(Data items)
━━━

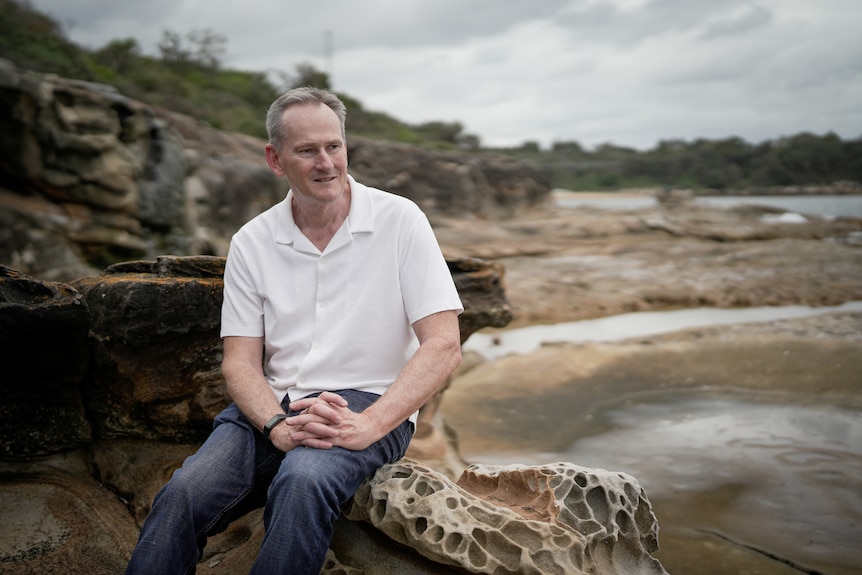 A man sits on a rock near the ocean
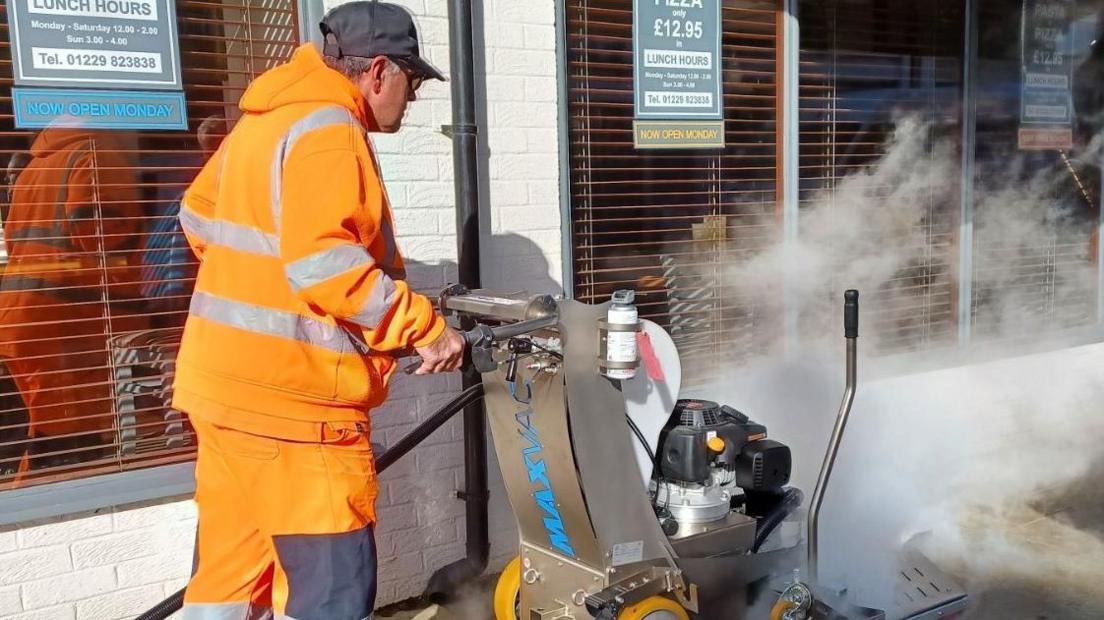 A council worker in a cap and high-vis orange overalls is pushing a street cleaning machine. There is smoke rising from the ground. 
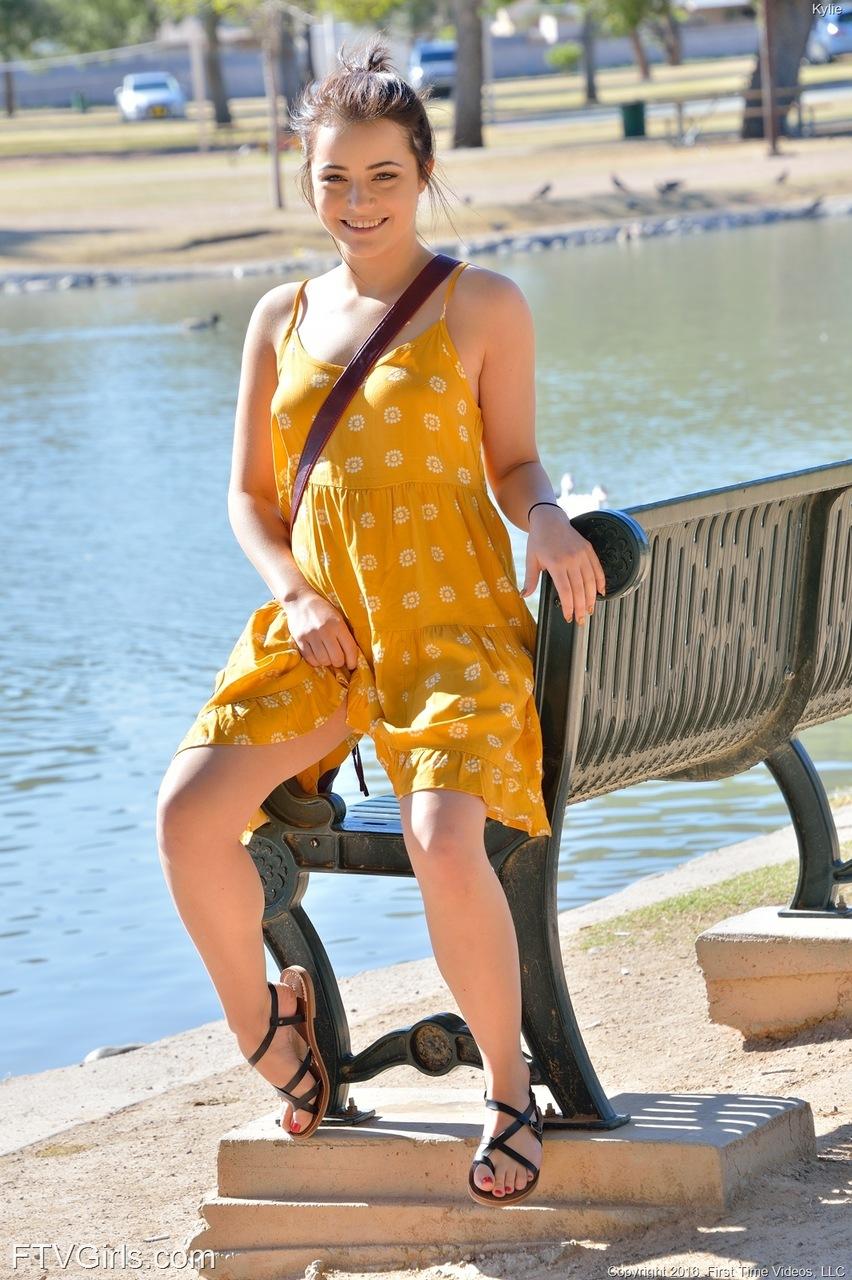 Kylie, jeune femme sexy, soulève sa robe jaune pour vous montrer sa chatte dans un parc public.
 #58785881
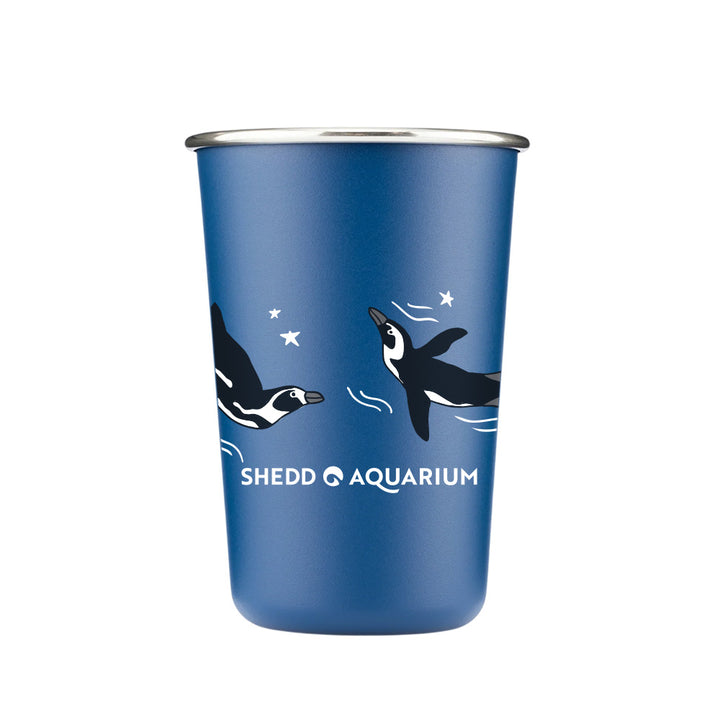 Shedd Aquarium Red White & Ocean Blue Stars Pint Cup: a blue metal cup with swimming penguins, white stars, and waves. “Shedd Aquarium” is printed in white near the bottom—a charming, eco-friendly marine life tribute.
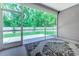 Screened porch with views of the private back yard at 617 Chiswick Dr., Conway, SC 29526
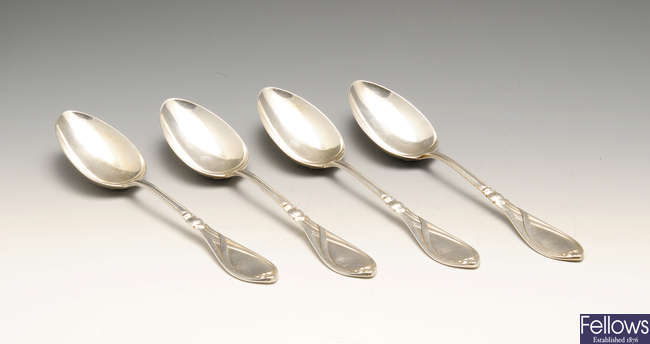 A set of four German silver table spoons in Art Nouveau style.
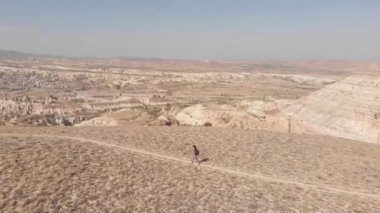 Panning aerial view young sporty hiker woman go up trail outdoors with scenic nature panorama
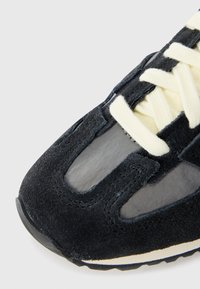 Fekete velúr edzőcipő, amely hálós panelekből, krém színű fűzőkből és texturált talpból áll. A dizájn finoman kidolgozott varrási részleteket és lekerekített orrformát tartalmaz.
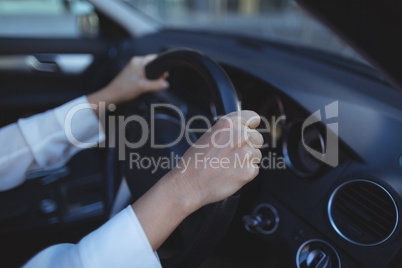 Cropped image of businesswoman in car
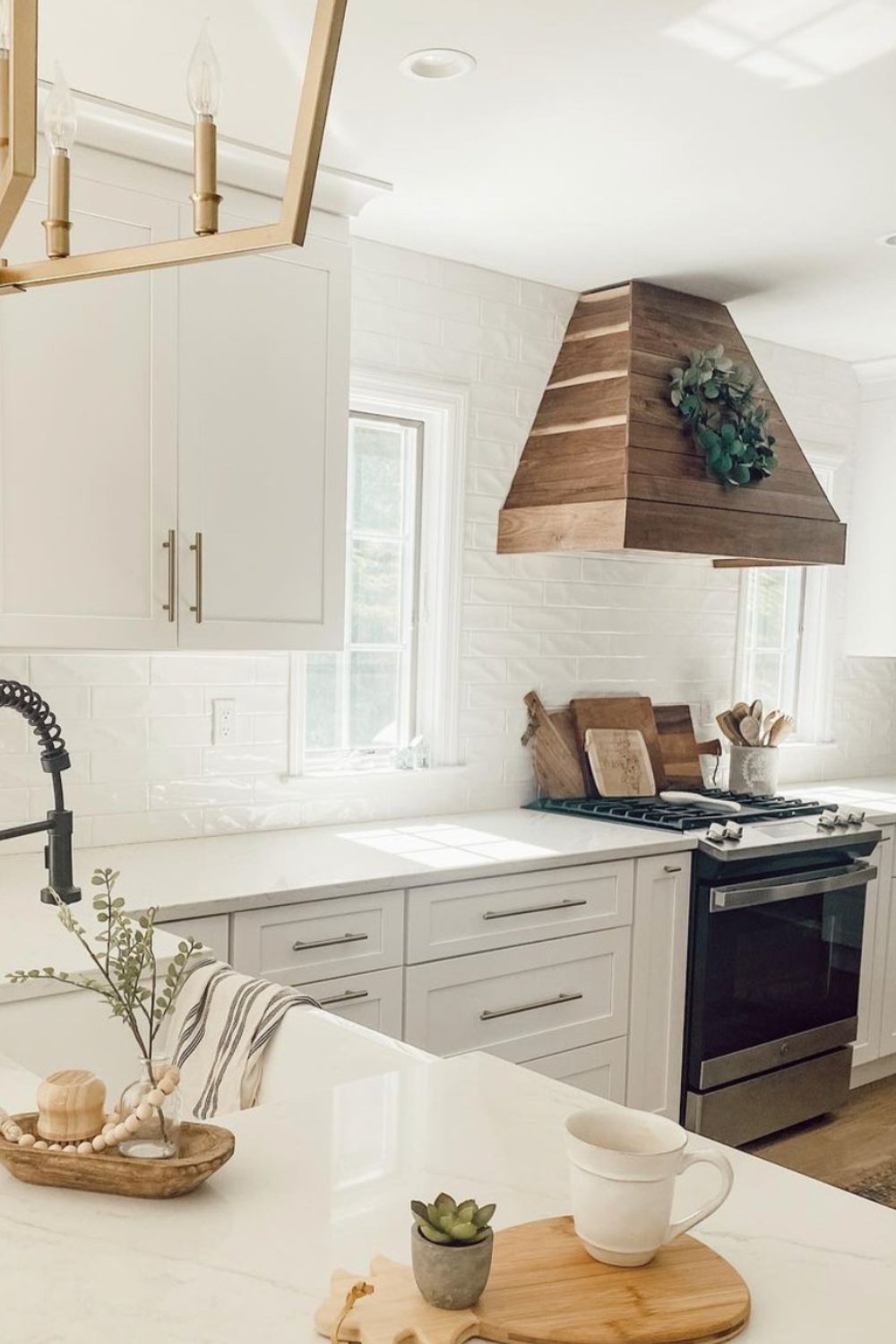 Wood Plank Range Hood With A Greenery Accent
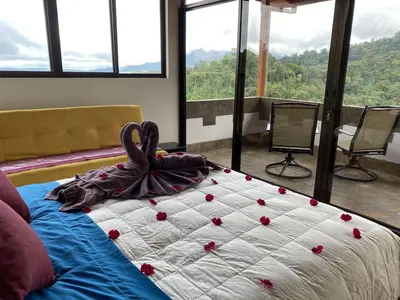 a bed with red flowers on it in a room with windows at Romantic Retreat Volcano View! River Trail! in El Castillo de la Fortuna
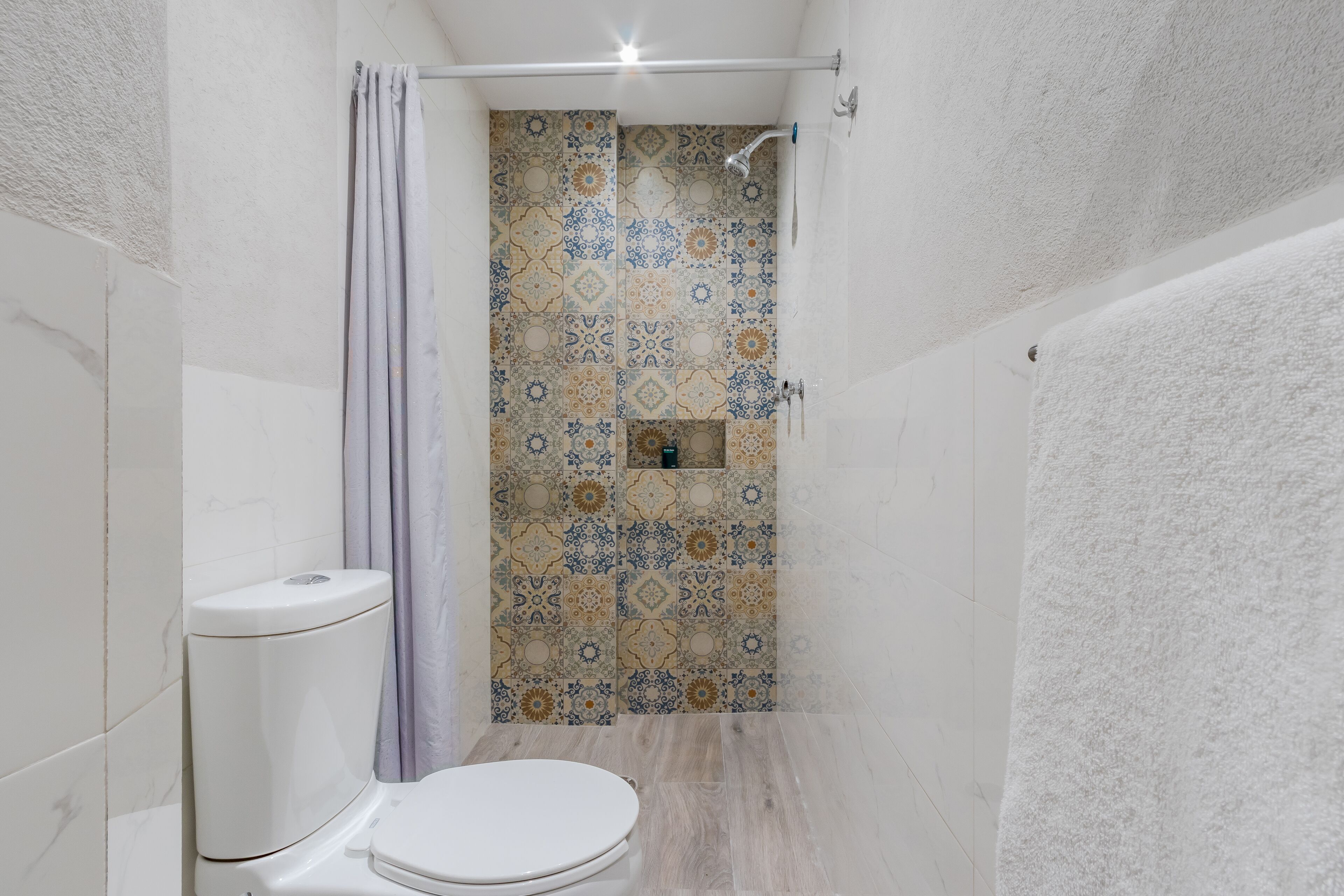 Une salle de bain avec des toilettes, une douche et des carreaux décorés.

━━━

- YOUR INSTRUCTIONS
Return, exactly as they appear, the lines from the line containing "Cropped image of businesswoman in car" through the end of the records above, both ends included, without pictures.

- COMPLETED EXERCISE
 Cropped image of businesswoman in car
 Wood Plank Range Hood With A Greenery Accent
 a bed with red flowers on it in a room with windows at Romantic Retreat Volcano View! River Trail! in El Castillo de la Fortuna
 Une salle de bain avec des toilettes, une douche et des carreaux décorés.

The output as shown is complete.